RE: Popcount optimization using AVX512

From: "Amonson, Paul D" <paul(dot)d(dot)amonson(at)intel(dot)com>
To: Andres Freund <andres(at)anarazel(dot)de>
Cc: Alvaro Herrera <alvherre(at)alvh(dot)no-ip(dot)org>, "Shankaran, Akash" <akash(dot)shankaran(at)intel(dot)com>, Nathan Bossart <nathandbossart(at)gmail(dot)com>, "Noah Misch" <noah(at)leadboat(dot)com>, Tom Lane <tgl(at)sss(dot)pgh(dot)pa(dot)us>, "Matthias van de Meent" <boekewurm+postgres(at)gmail(dot)com>, "pgsql-hackers(at)lists(dot)postgresql(dot)org" <pgsql-hackers(at)lists(dot)postgresql(dot)org>
Subject: RE: Popcount optimization using AVX512
Date: 2024-02-12 20:14:06
Message-ID: BL1PR11MB5304F65FD8D19B608F9E8624DC482@BL1PR11MB5304.namprd11.prod.outlook.com
Views: Raw Message | Whole Thread | Download mbox | Resend email
Thread:
Lists: pgsql-hackers

My responses with questions,

> > +# XXX: The configure.ac check for __cpuidex() is broken, we don't
> > +copy that # here. To prevent problems due to two detection methods
> > +working, stop # checking after one.
>
> This seems like a bogus copy-paste.

My bad. Will remove the offending comment. :)

> > +# Check for header immintrin.h
> ...
> Do these all actually have to link? Invoking the linker is slow.
> I think you might be able to just use cc.has_header_symbol().

I took this to mean the last of the 3 new blocks. I changed this one to the cc_has_header method. I think I do want the first 2 checking the link as well. If the don't link here they won't link in the actual build.

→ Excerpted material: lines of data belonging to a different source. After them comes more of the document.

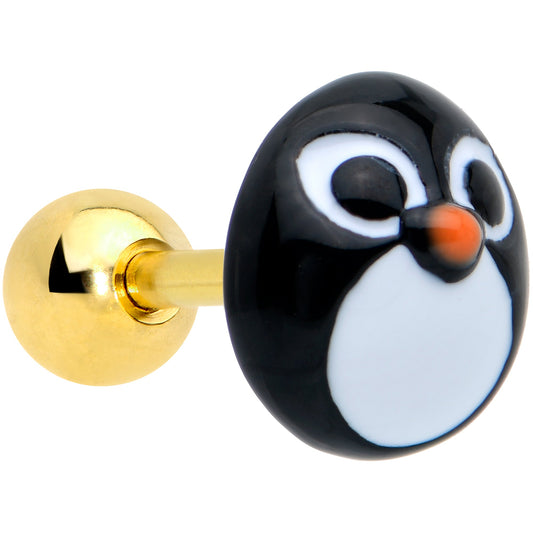 16G 1/4 Gold Tone Round Penguin Face Holiday Cartilage Earring
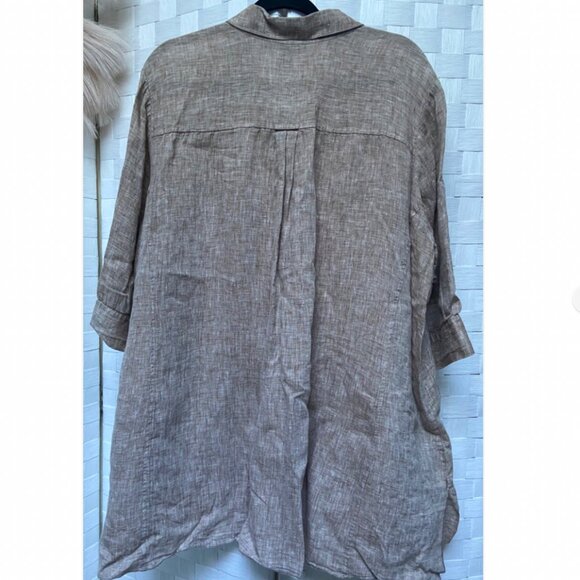 Lafayette 148 100% Linen Brown Button Shirt Top Size 20 - Picture 4 of 4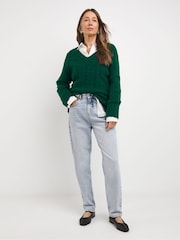 JD Williams Green Cable V-Neck Tunic - Image 4 of 4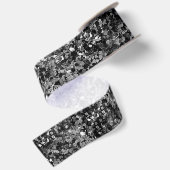 Elegante zwarte Glitter Sparkle Glam Sequin Satijnen Lint (Achterkant)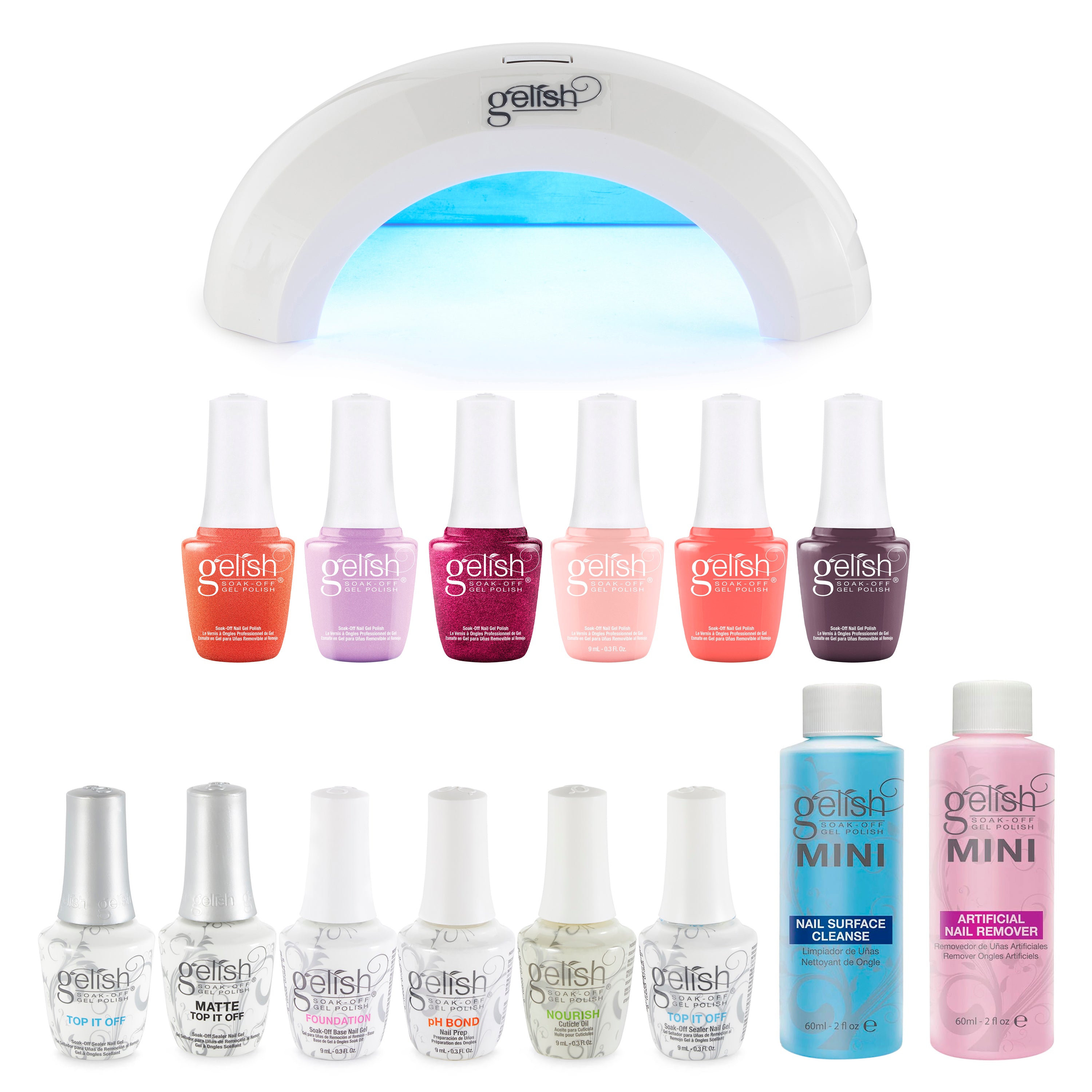 Gelish Nail Curing LED Lamp, Basix Polish Kit, Clear Top Coat Duo, & Sunrise Set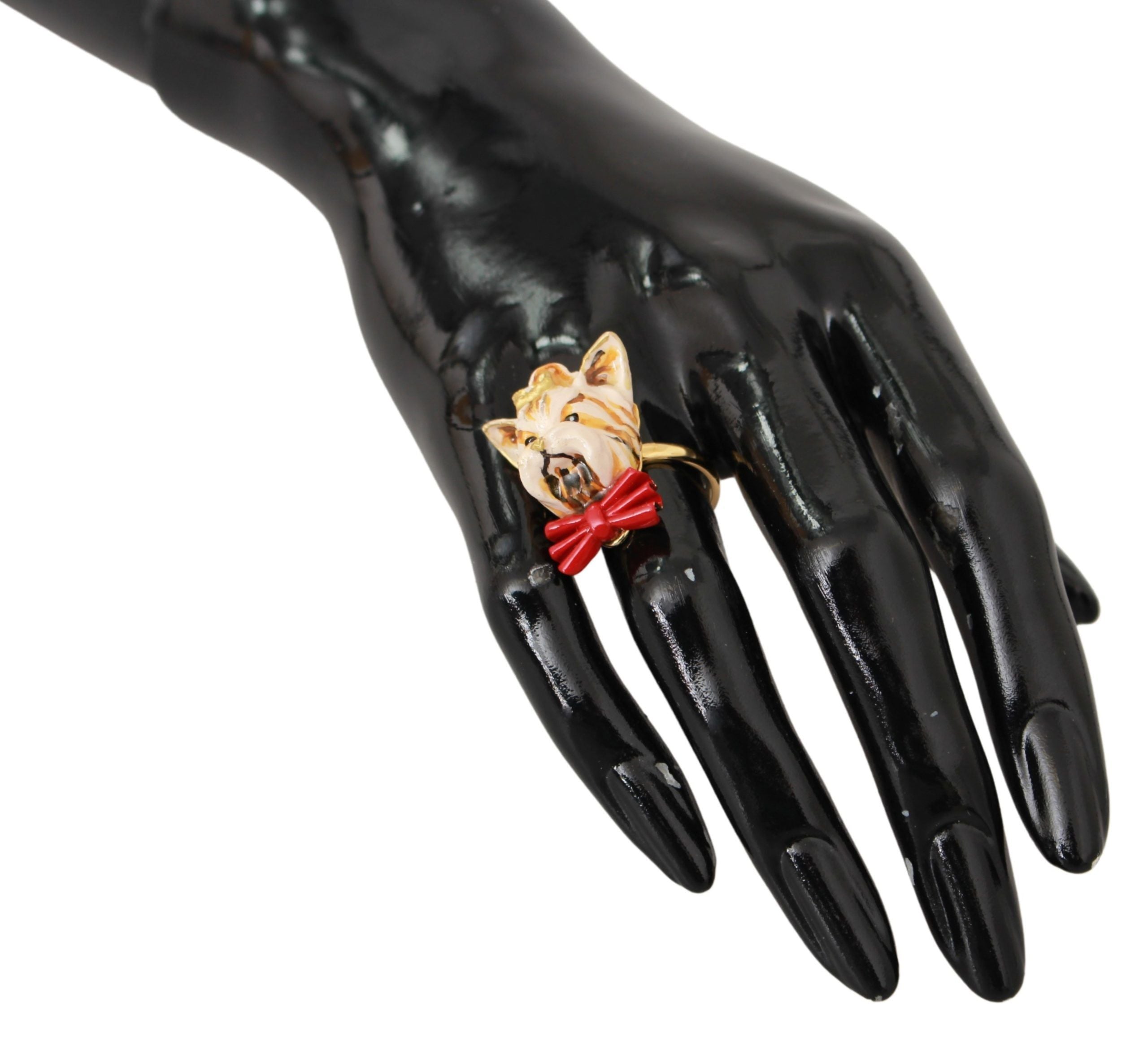 Dolce & Gabbana Gold Brass Resin Beige Dog Pet Branded Accessory Women's Ring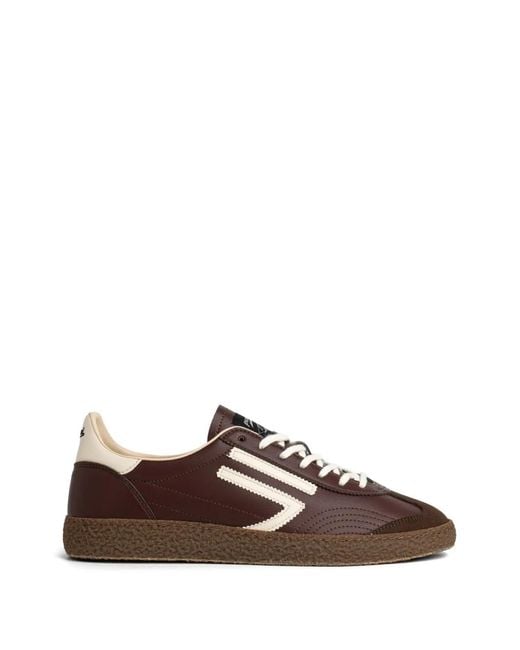 PURAAI Brown Xs Striped Panelled Sneakers for men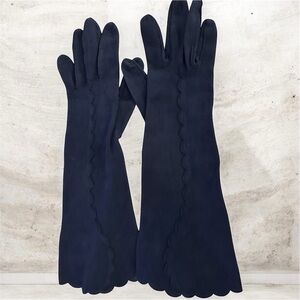 Classic Scalloped Long Women's Gloves Size 7 by Aris - Navy Blue Italy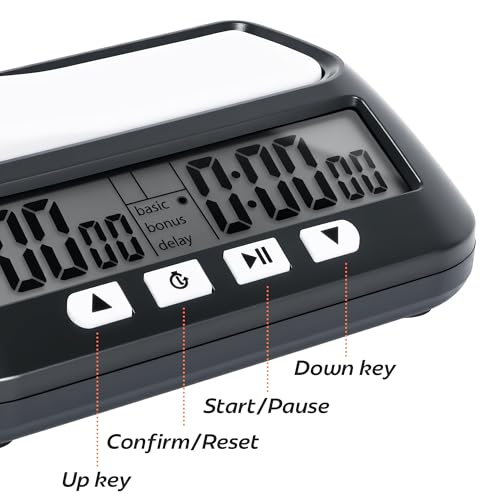 Generic Multifunctional Chess Clock, Professional Electronic Chess Timer, Portable Digital Chess Clock for Chinese Chess International Chess Board Go Game Gobang (Black)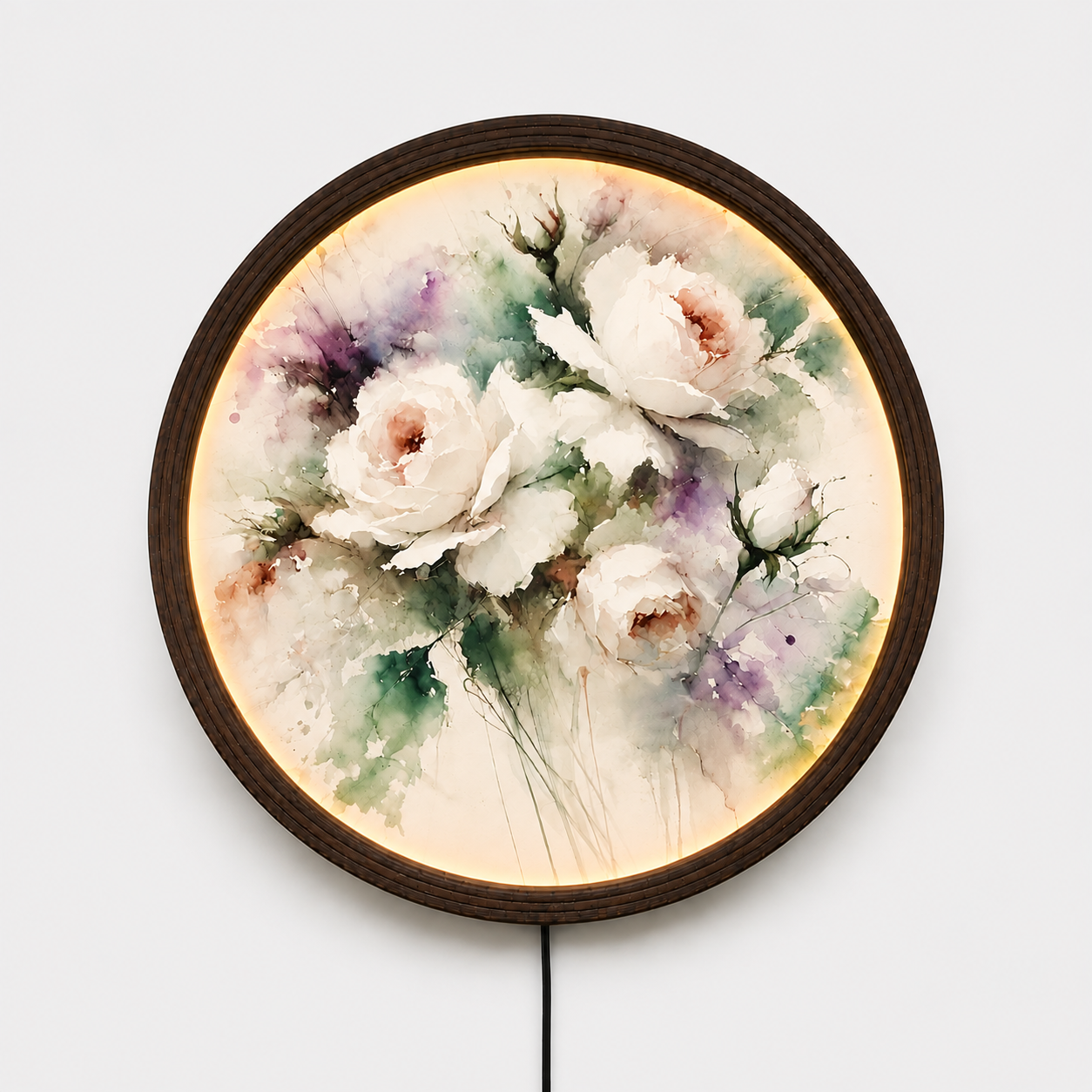 Round Floral LED Wall Art Light – Botanical Flower Wall Decor with Wooden Frame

> Does this work with msvc?

I think it will work but I have no way to validate it. I propose we remove the AVX-512 popcount feature from MSVC builds. Sound ok?

> That's a very long line in the output, how about using the avx feature name or something?

Agree, will fix.

> This will build all of pgport with the avx flags, which wouldn't be correct, I think? The compiler might inject automatic uses of avx512 in places, which would cause problems, no?

This will take me some time to learn how to do this in meson. Any pointers here would be helpful.

> While you don't do the same for make, isn't even just using the avx512 for all of pg_bitutils.c broken for exactly that reson? That's why the existing code builds the files for various crc variants as their own file.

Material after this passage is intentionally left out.